Requirement: What is needed is an exact transcription of every record, minus the pictures.

(Caption-style text data)
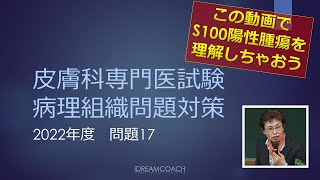 皮膚科専門医試験問題の解説 2022年度問題17 [upl. by Rohn]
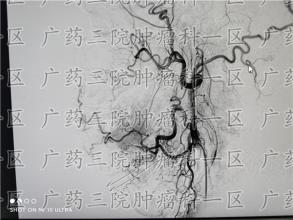 癌症本身并不可怕，可怕的是错误治疗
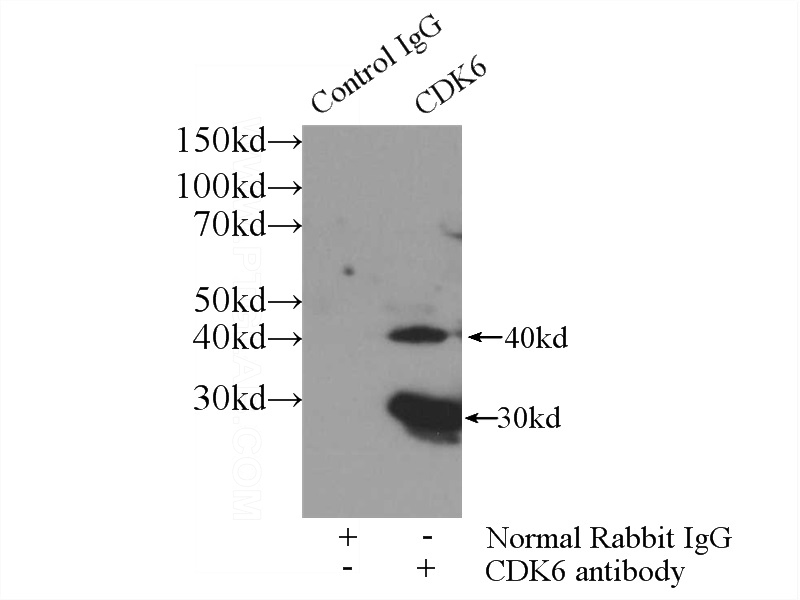 IP Result of anti-CDK6 (IP:Catalog No:109165, 3ug; Detection:Catalog No:109165 1:300) with C6 cells lysate 1600ug.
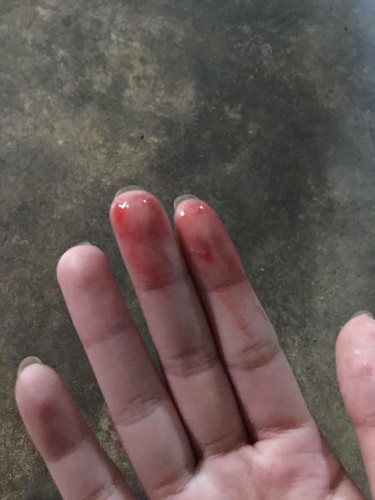เลือดออกตอนมีเซ็กส์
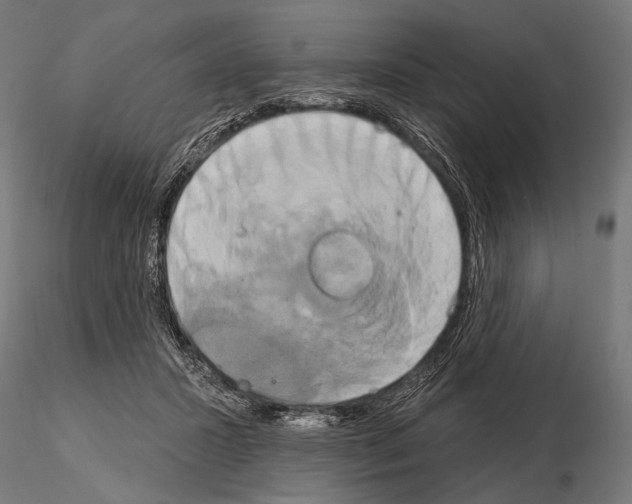 X0000115170407200912091028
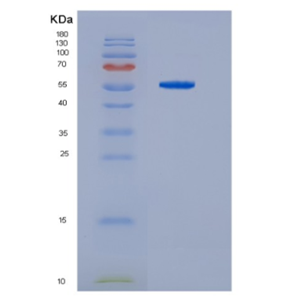 Recombinant Human HDAC2 Protein,Recombinant Human HDAC2 Protein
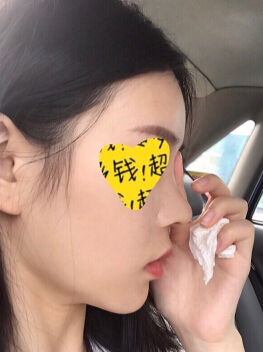 上海百达丽整形美容医院顾清医生手术案例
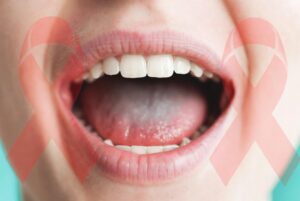 Oral cancer awareness and early signs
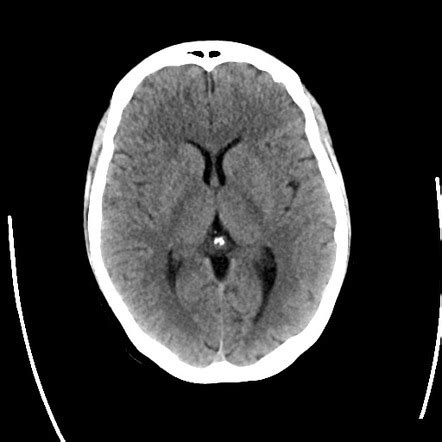 Playlist 'UQ Radiology 'how to' series: Brain: Introduction' by Assoc ...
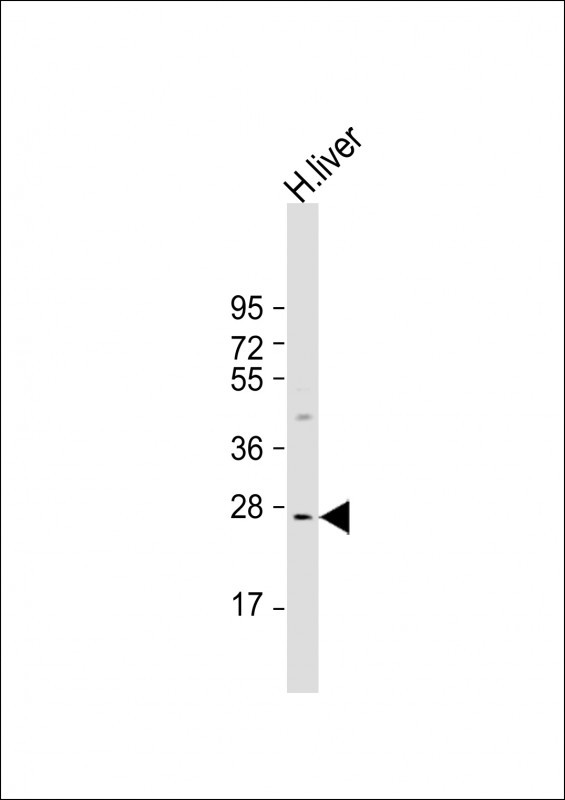 IGFBP3 Antibody in Western Blot (WB)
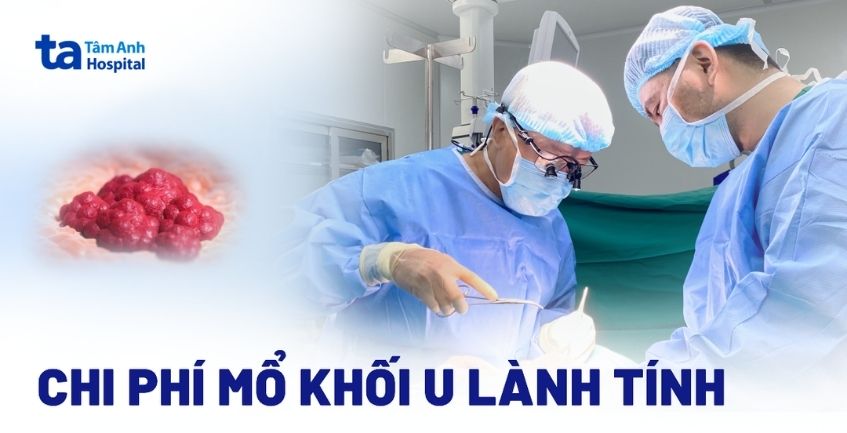 Chi phí mổ khối u lành tính là bao nhiêu?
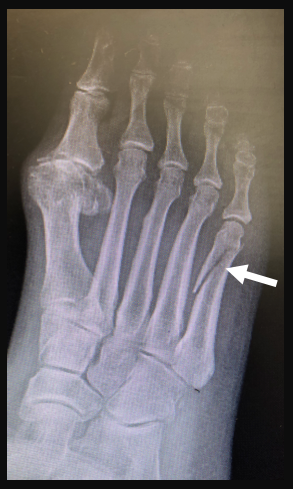 أشعة سينية تظهر كسور مشط القدم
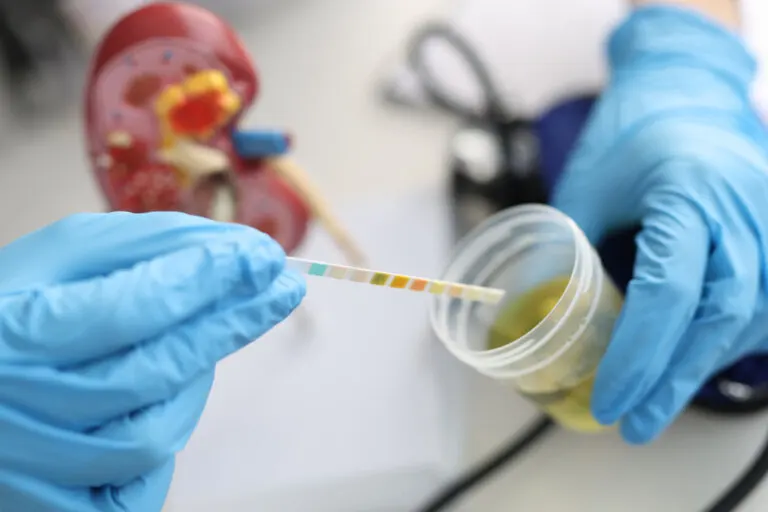 Bacteriuria asintomática: causas comunes y cómo tratarla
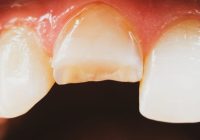 Featured image for Dental Care for Chipped or Cracked Teeth: Repairing Damage and Preventing Further Issues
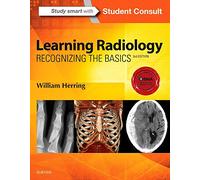Learning Radiology: Recognizing the Basics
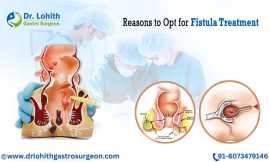 Get Expert Fistula Treatment in Bangalore, Bengaluru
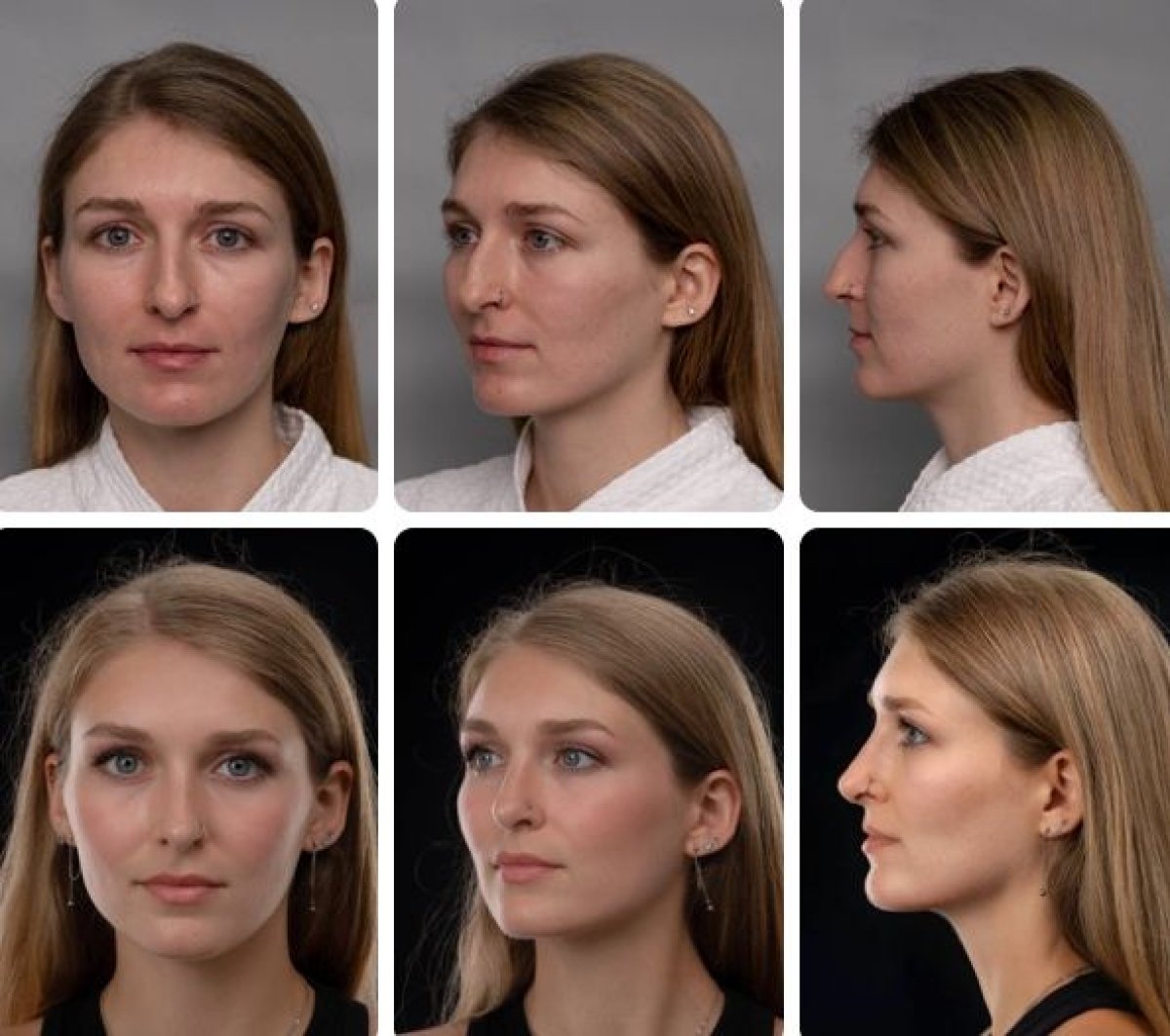 نتائج تجميل الأنف قبل وبعد في Yurchenko Plastic Surgery Team، إعادة تشكيل الأنف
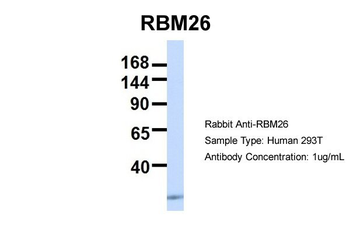 RBM26 Rabbit Polyclonal Antibody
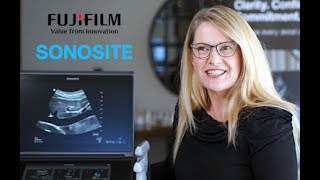 Fujifilm Sonosite Australasia Introduces Sonosite PX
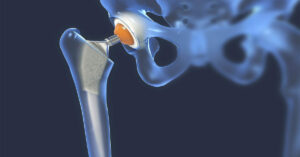 Kalça Protezi Ameliyatı Sonrası Kalça Protezi Ameliyatı Sonrası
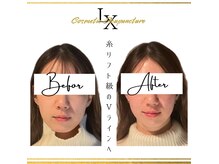 リュクス 恵比寿 代官山(LUXE)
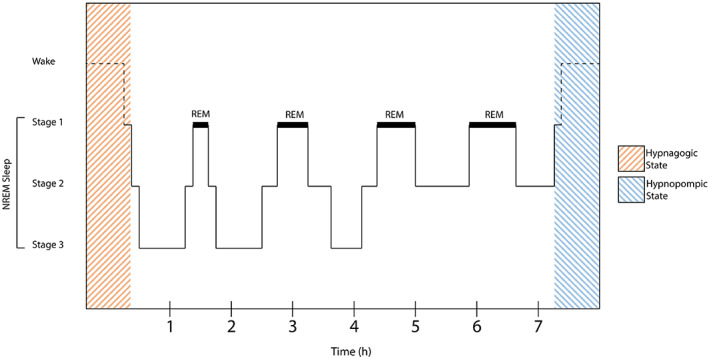 FIGURE 1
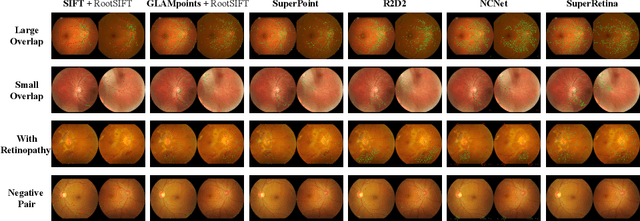 Figure 1 for Semi-Supervised Keypoint Detector and Descriptor for Retinal Image Matching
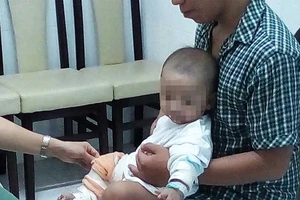 Sơ cứu sai cách, trẻ phỏng nhẹ thành nặng 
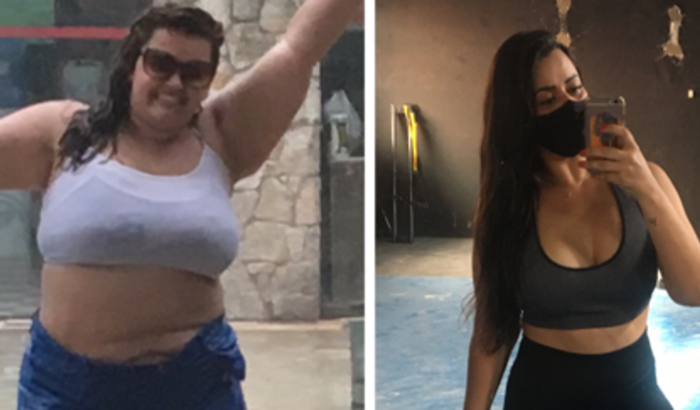 Cirurgia Plástica (retirada de excesso de pele)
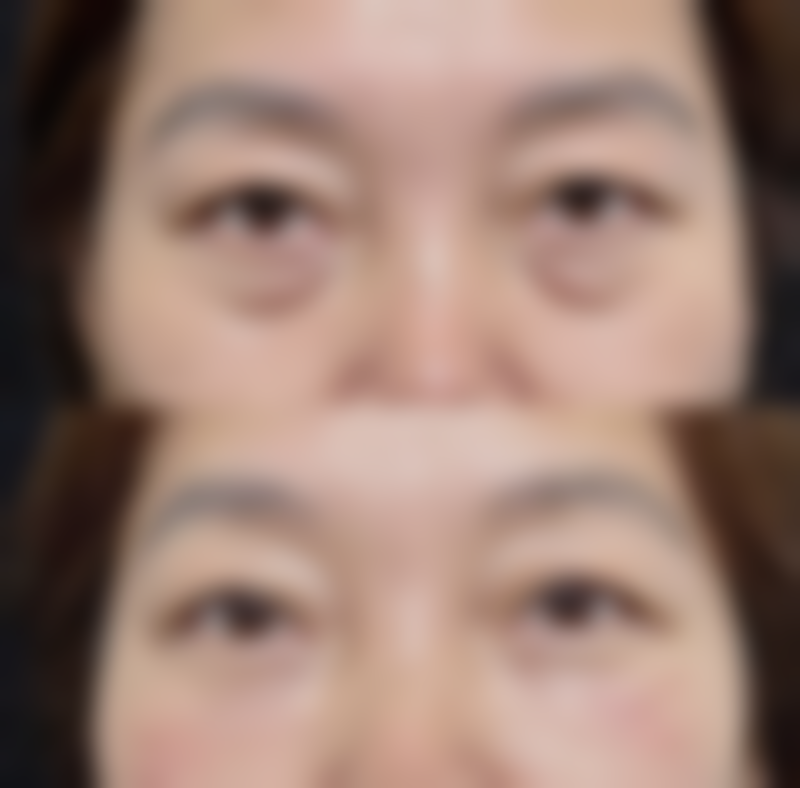 临沂市兰山区兰瑟儿医疗整形美容门诊部收费价格表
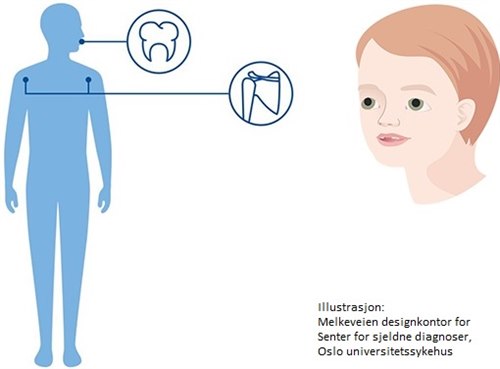 Cleidocranial dysplasi.jpg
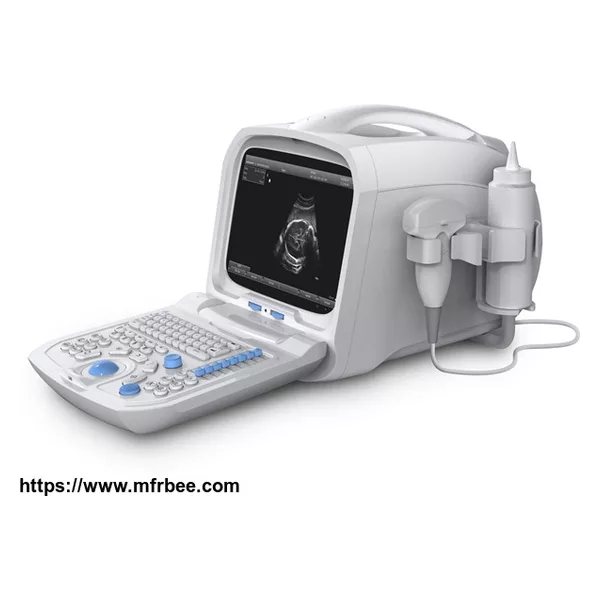 Canyearn A60 Full Digital Portable Ultrasonic Diagnostic System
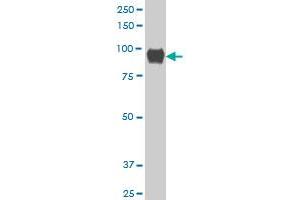 LLGL1 polyclonal antibody (A01), Lot # 060814QCS1 Western Blot analysis of LLGL1 expression in Jurkat . (LLGL1 antibody  (AA 911-1010))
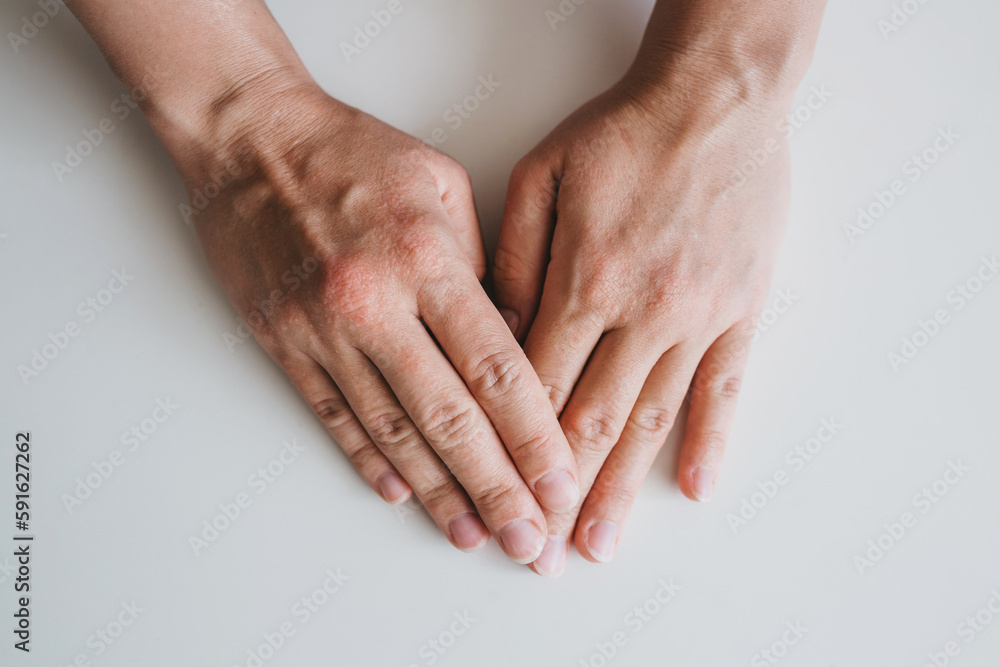 Fototapeta premium Rashes on the skin of a young woman's hands. Skin itching, eczema, skin allergies.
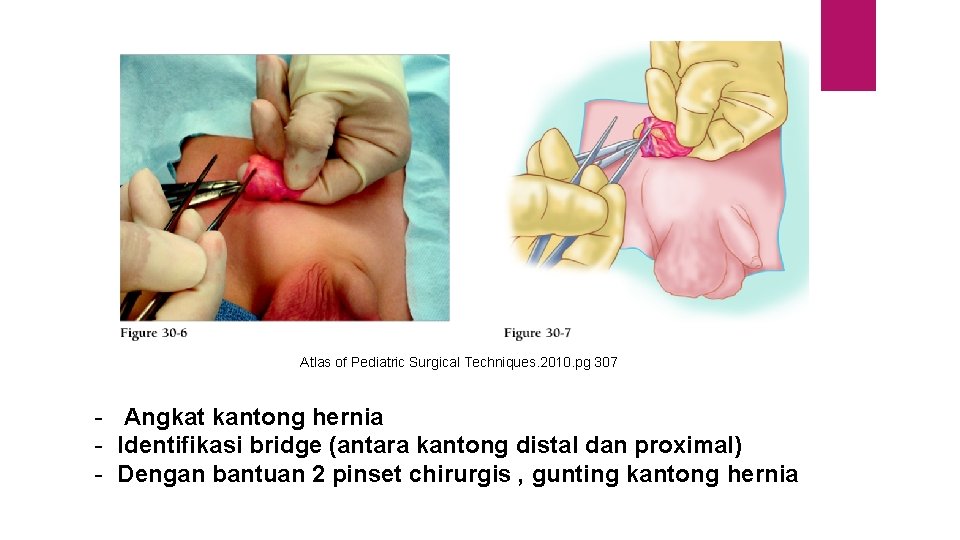 Atlas of Pediatric Surgical Techniques. 2010. pg 307 - Angkat kantong hernia - Identifikasi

Answer box:
 皮膚科専門医試験問題の解説 2022年度問題17 [upl. by Rohn]
 癌症本身并不可怕，可怕的是错误治疗
 IP Result of anti-CDK6 (IP:Catalog No:109165, 3ug; Detection:Catalog No:109165 1:300) with C6 cells lysate 1600ug.
เลือดออกตอนมีเซ็กส์
 X0000115170407200912091028
 Recombinant Human HDAC2 Protein,Recombinant Human HDAC2 Protein
 上海百达丽整形美容医院顾清医生手术案例
 Oral cancer awareness and early signs
 Playlist 'UQ Radiology 'how to' series: Brain: Introduction' by Assoc ...
 IGFBP3 Antibody in Western Blot (WB)
 Chi phí mổ khối u lành tính là bao nhiêu?
 أشعة سينية تظهر كسور مشط القدم
 Bacteriuria asintomática: causas comunes y cómo tratarla
 Featured image for Dental Care for Chipped or Cracked Teeth: Repairing Damage and Preventing Further Issues
Learning Radiology: Recognizing the Basics
 Get Expert Fistula Treatment in Bangalore, Bengaluru
 نتائج تجميل الأنف قبل وبعد في Yurchenko Plastic Surgery Team، إعادة تشكيل الأنف
 RBM26 Rabbit Polyclonal Antibody
 Fujifilm Sonosite Australasia Introduces Sonosite PX
 Kalça Protezi Ameliyatı Sonrası Kalça Protezi Ameliyatı Sonrası
 リュクス 恵比寿 代官山(LUXE)
 FIGURE 1
 Figure 1 for Semi-Supervised Keypoint Detector and Descriptor for Retinal Image Matching
 Sơ cứu sai cách, trẻ phỏng nhẹ thành nặng 
 Cirurgia Plástica (retirada de excesso de pele)
 临沂市兰山区兰瑟儿医疗整形美容门诊部收费价格表
 Cleidocranial dysplasi.jpg
 Canyearn A60 Full Digital Portable Ultrasonic Diagnostic System
 LLGL1 polyclonal antibody (A01), Lot # 060814QCS1 Western Blot analysis of LLGL1 expression in Jurkat . (LLGL1 antibody  (AA 911-1010))
 Fototapeta premium Rashes on the skin of a young woman's hands. Skin itching, eczema, skin allergies.
 Atlas of Pediatric Surgical Techniques. 2010. pg 307 - Angkat kantong hernia - Identifikasi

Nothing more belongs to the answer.